The U.S. Government almost always claims cyber-attacks by Russia, China, and North Korea are for spying, not sabotage. Would the USG even know? Or is “cyber-spying” by Russia and others a politically convenient excuse for the U.S. to understate potential damage—and to escape acknowledging an act of war?
Washington does not know what to do.
As after past major cyber-attacks, Washington is full of sound and fury, promising reforms and retribution, that will probably come to nothing.
Washington’s impotence and irresolution will invite future, increasingly aggressive, cyber-attacks.
Yet for decades Washington has been competently counseled on cyber-threats and solutions. 23 years ago, for example, the President’s Commission on Critical Infrastructure Protection warned in October 1997:
“In the cyber dimension there are no boundaries. Our infrastructures are exposed to new vulnerabilities—cyber vulnerabilities—and new threats—cyber threats. And perhaps most difficult of all, the defenses that served us so well in the past offer little protection from the cyber threat.

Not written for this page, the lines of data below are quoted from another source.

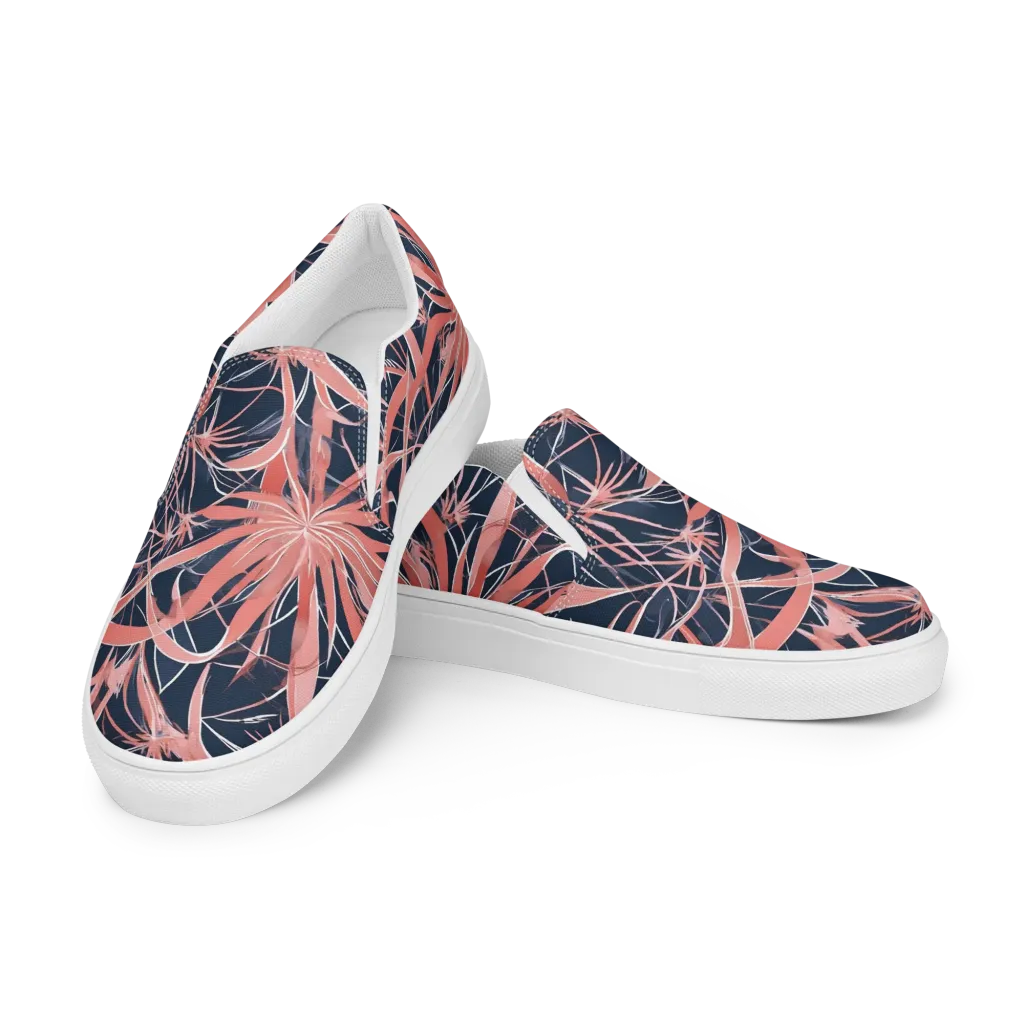 Coral Bloom Voltage on Women's Slip-On Canvas Shoes — Left Front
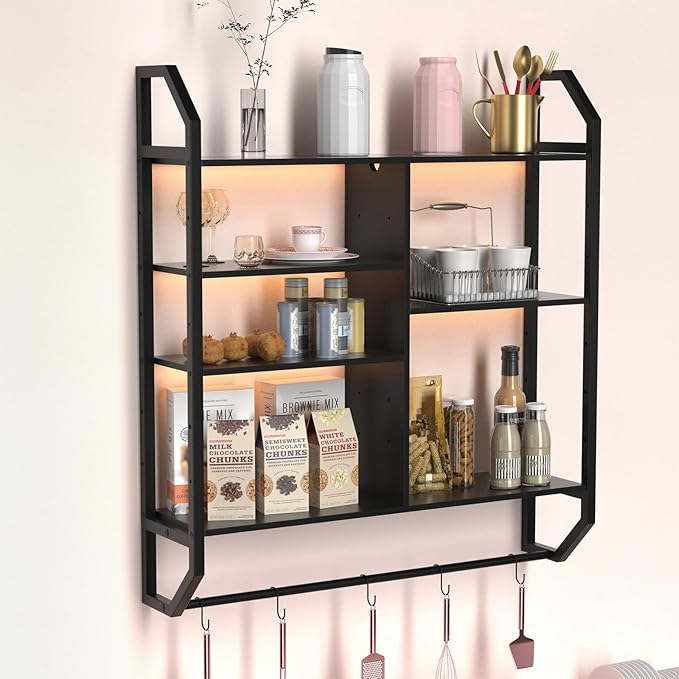 FAHKNS Gaming Floating Shelves, 35" Large LED Wall Shelves with Adjustable Tier, Wall Mounted Bookshelf with Hanging Pipe & 6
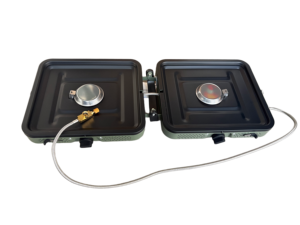 2バーナー ポータブル キャンプストーブ グリル付き 折りたたみ式 プロパン ブタン ガス キャンプストーブ キャンプ用ガスストーブ アウトドア ガスストーブ - Product Image 2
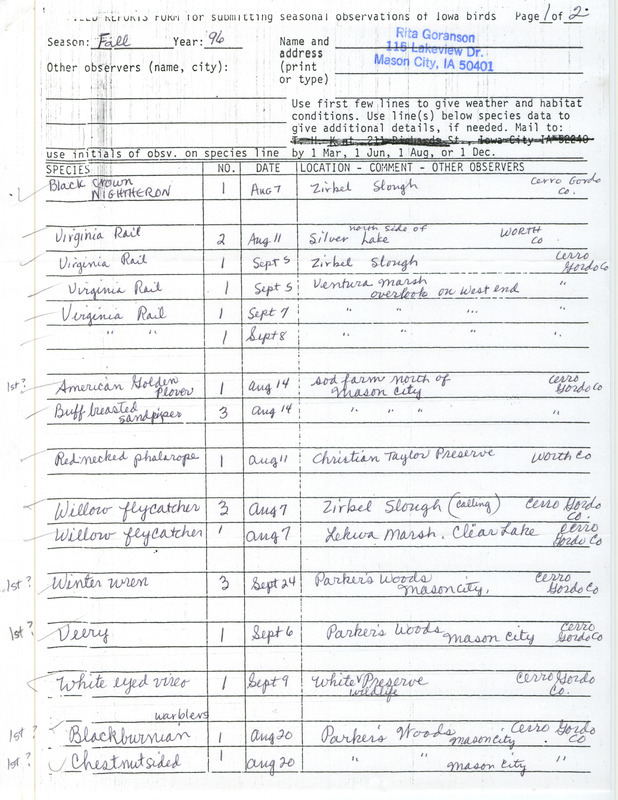 List of birds and locations contributed by Rita Goranson. This item was used as supporting documentation for the Iowa Ornithologists' Union Quarterly field report of fall 1996.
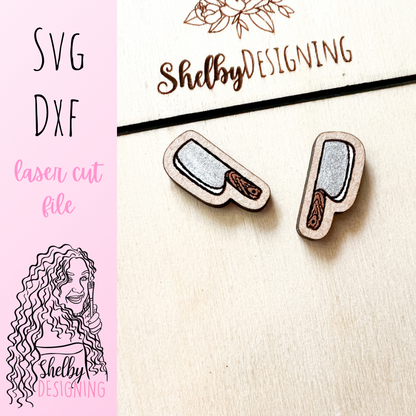Horror Knife Clever Stud Earrings SVG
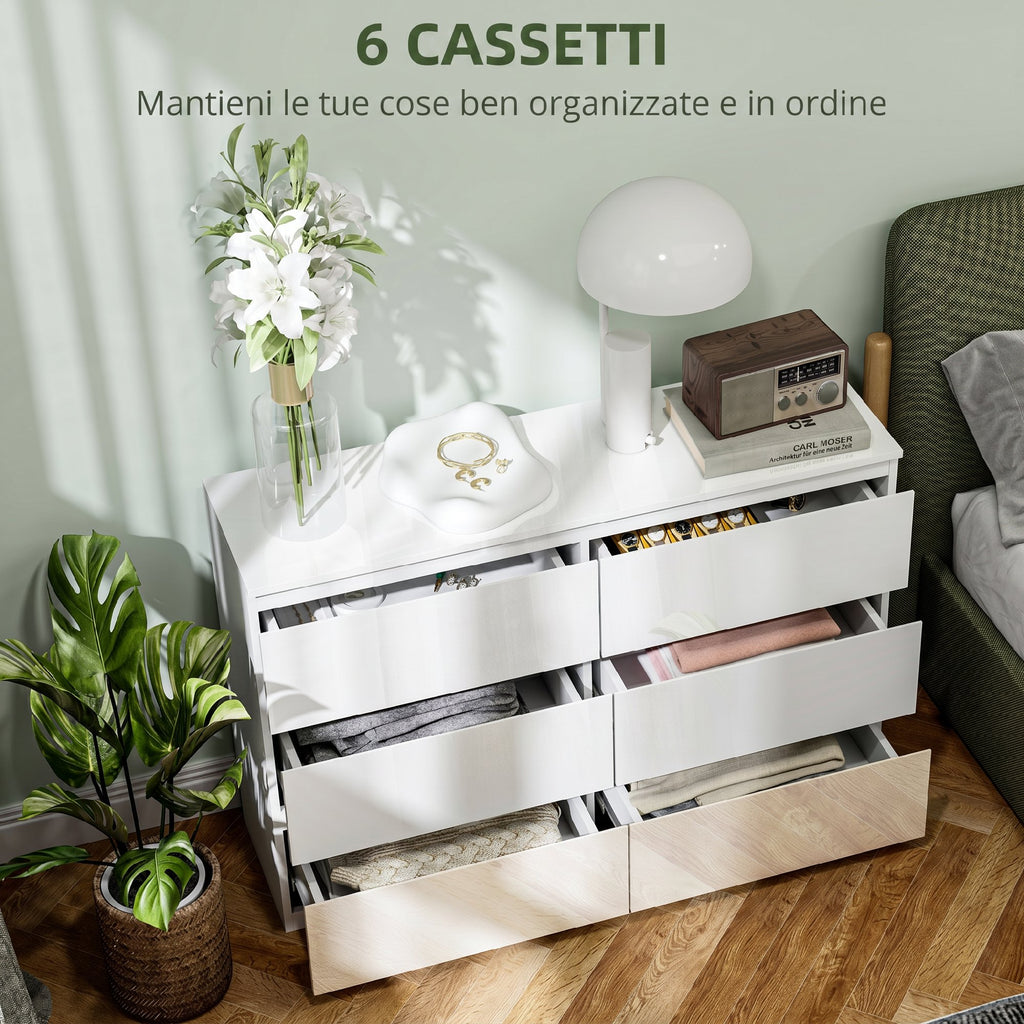 HOMCOM 6-Drawer Wooden Chest of Drawers, Modern and Multipurpose Bedroom Dresser, 112x34x75 cm, White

Our infrastructures can now be struck directly by a variety of malicious tools.”
The Pentagon’s Defense Science Board report “Resilient Military Systems and the Advanced Cyber Threat” warned in January 2013: “While the manifestation of a nuclear and cyber attack are very different, in the end, the existential impact to the United States is the same.”
Most dangerous, Washington is ignorant of the full magnitude of the cyber-threat, that has kinetic and nuclear dimensions. The Congressional EMP Commission warns:
“Combined-arms cyber warfare, as described in the military doctrines of Russia, China, North Korea, and Iran, may use combinations of cyber-, sabotage-, and ultimately nuclear EMP-attack to impair the United States quickly and decisively by blacking-out large portions of the electric grid and other critical infrastructures…The synergism of such combined arms is described in the military doctrines of all these potential adversaries as the greatest revolution in military affairs in history—one which projects rendering obsolete many, if not all, traditional instruments of military power.”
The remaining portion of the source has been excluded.